Data to process Block Start
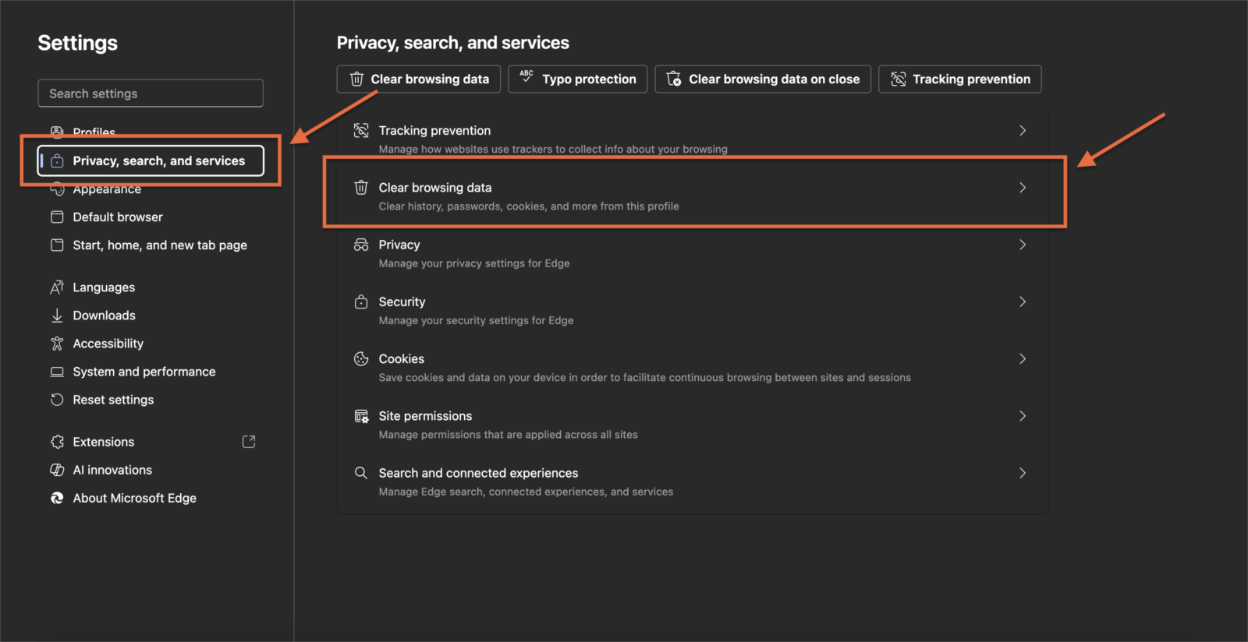 Microsoft Edge:Privacy, search and services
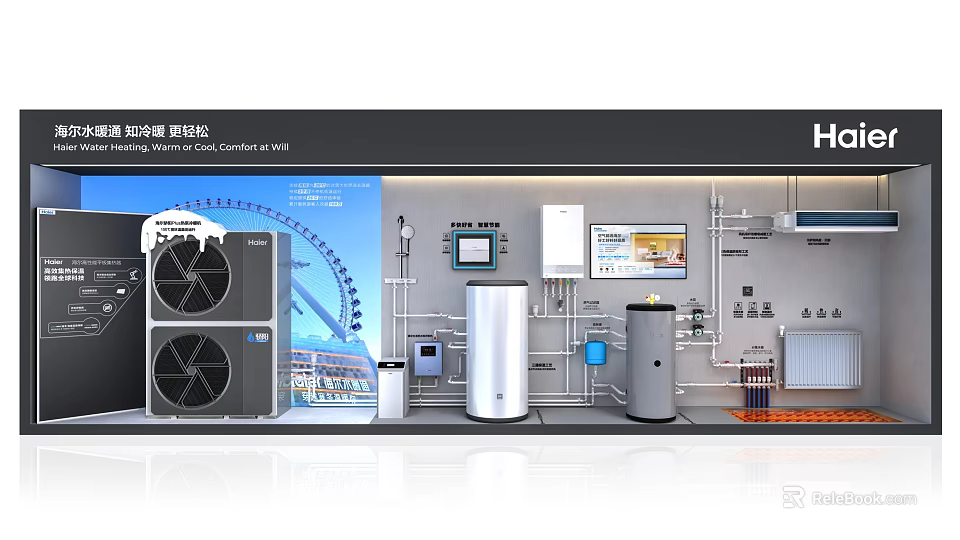 Household Appliances Case Exhibition With Air Source Heat Pump Water Heater And Control Panel 3d model 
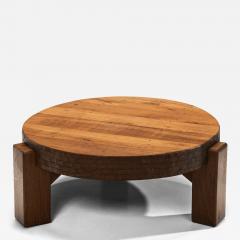Brutalist Oak Coffee Table with Chiseled Side Pattern The Netherlands 1970s - 4594565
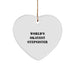 Funny Stepsister Gift Ideas for Christmas, Unique Heart Ornament from, 'World's Okayest Stepsister' Quote, Perfect for Men, Women, Friends, and Family - Image 1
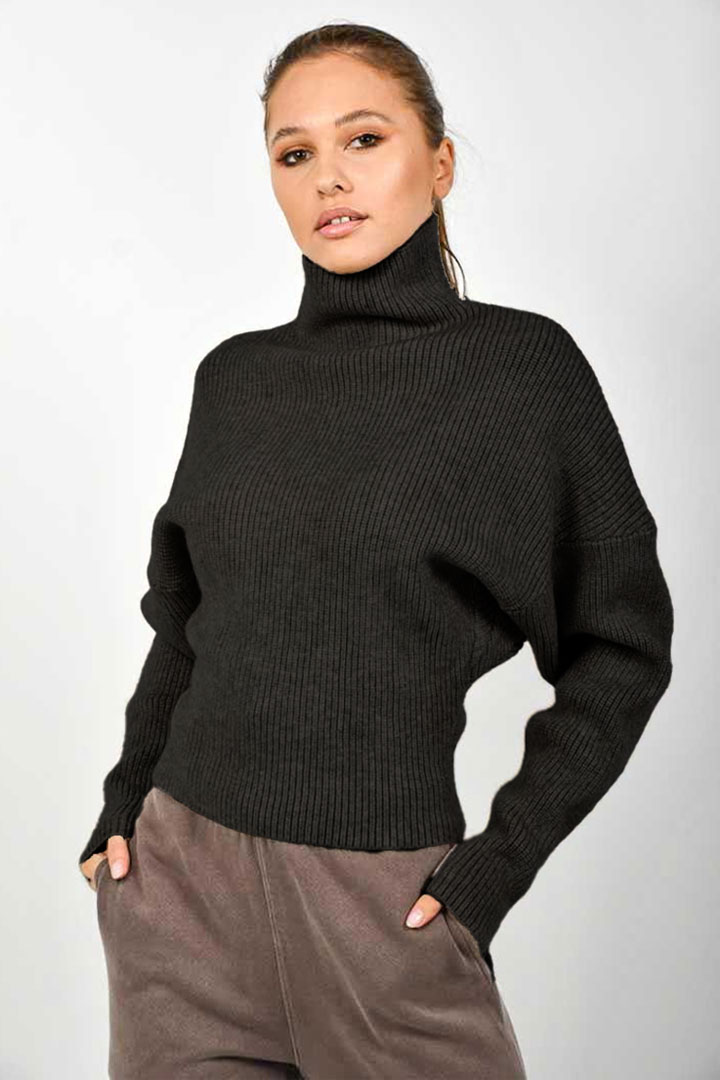 Picture of Turtleneck Knitted Sweater-Black
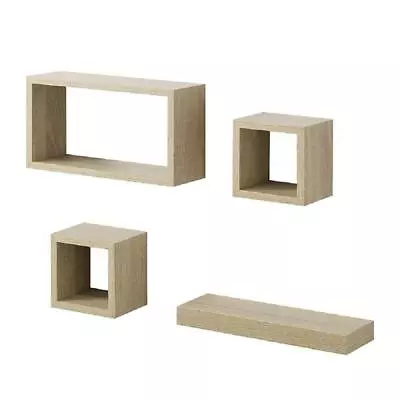 Set 3/4 Cube Rectangle Wall Mounted Shelves Floating Shelf Bookcase Hanging New • £12.75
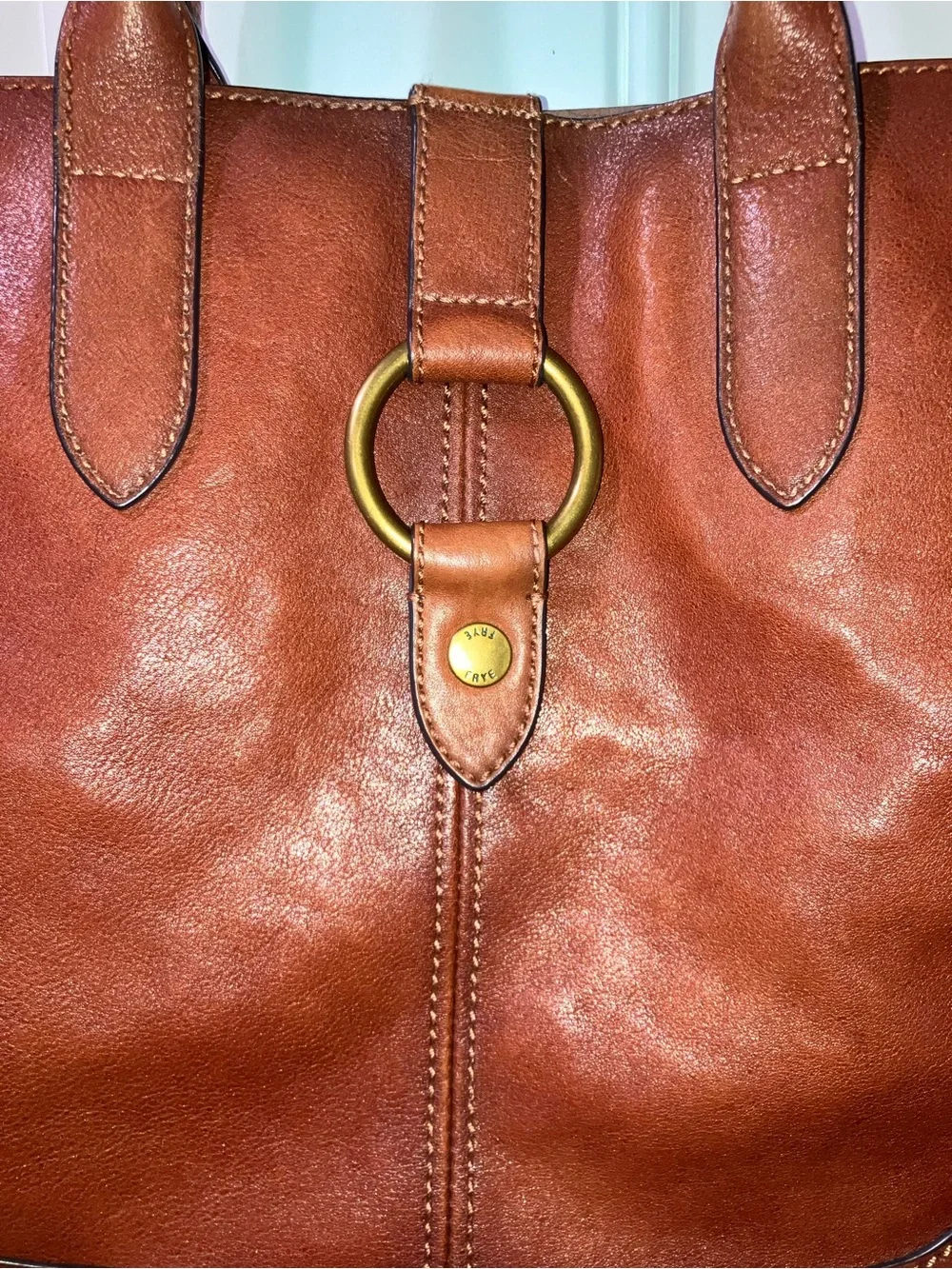 FRYE Leather Ring Tote Bag Women Large Shoulder Purse Cognac Brown Everyday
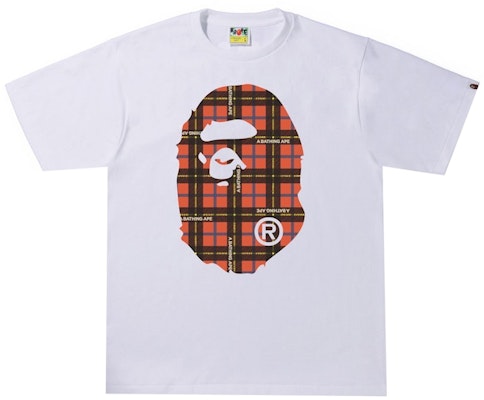Camiseta BAPE Logo Check Gran Cabeza de Mono Blanco/Rojo Buy Camiseta BAPE Logo Check Gran Cabeza de Mono Blanco/Rojo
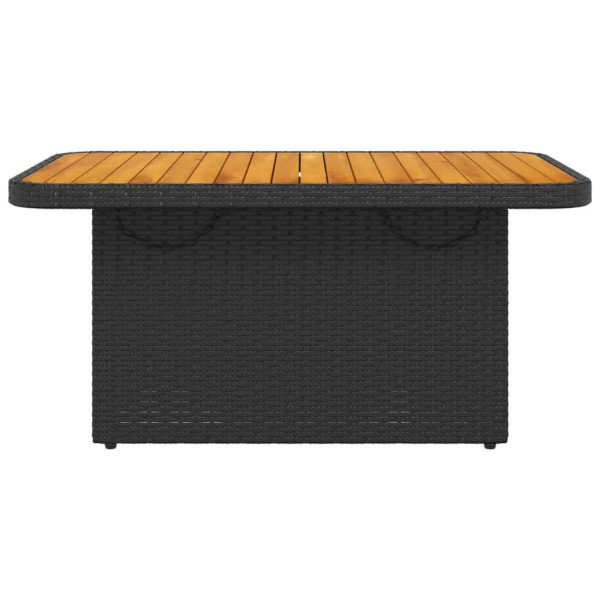Mesa de jardín madera de acacia y ratán PE negro 90x55x71 cm M 5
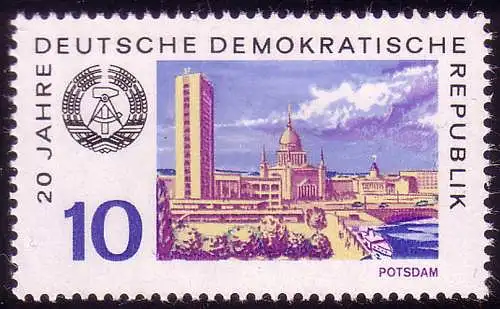 1497 20 Jahre DDR Potsdam Nikolai-Kirche 10 Pf ** postfrisch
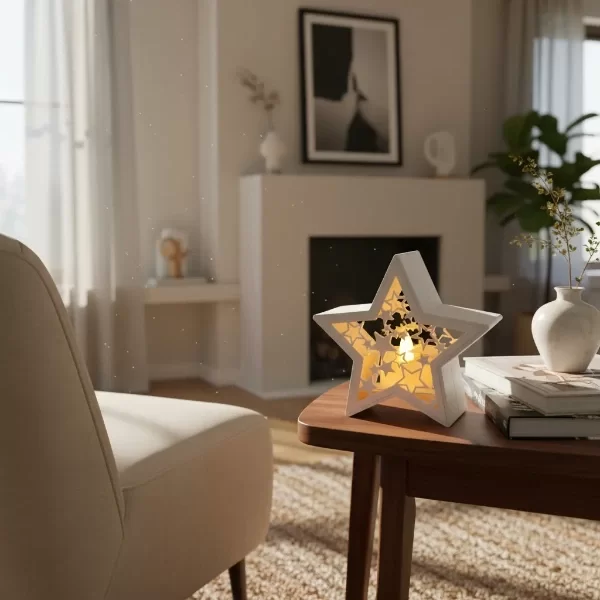 Producto - Centro De Mesa - Estrella Navidad Calada c/Luz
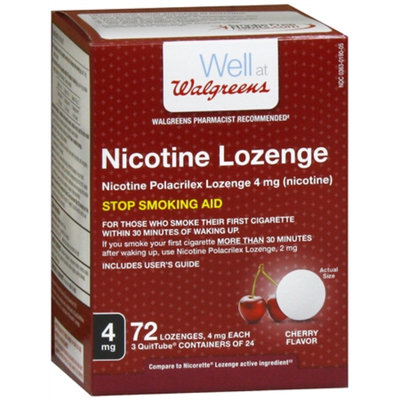 Walgreens Nicotine Lozenge, 4mg, Cherry, 72 ea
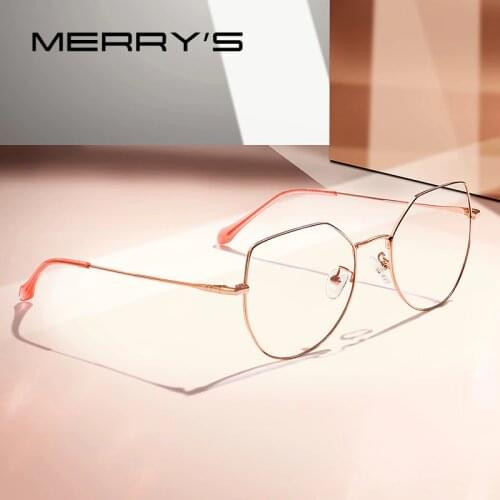 MERRYS Women Fashion Blue Light Blocking Ultralight Optical Frames Cat Eye Myopia Prescription Eye glasses S2025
Data to process Block End
What is being asked: For this answer, retype the lines from the start of the listing through the line that holds "Brutalist Oak Coffee", inclusive, exactly and without pictures.

Answer box:
 Microsoft Edge:Privacy, search and services
 Household Appliances Case Exhibition With Air Source Heat Pump Water Heater And Control Panel 3d model 
Brutalist Oak Coffee Table with Chiseled Side Pattern The Netherlands 1970s - 4594565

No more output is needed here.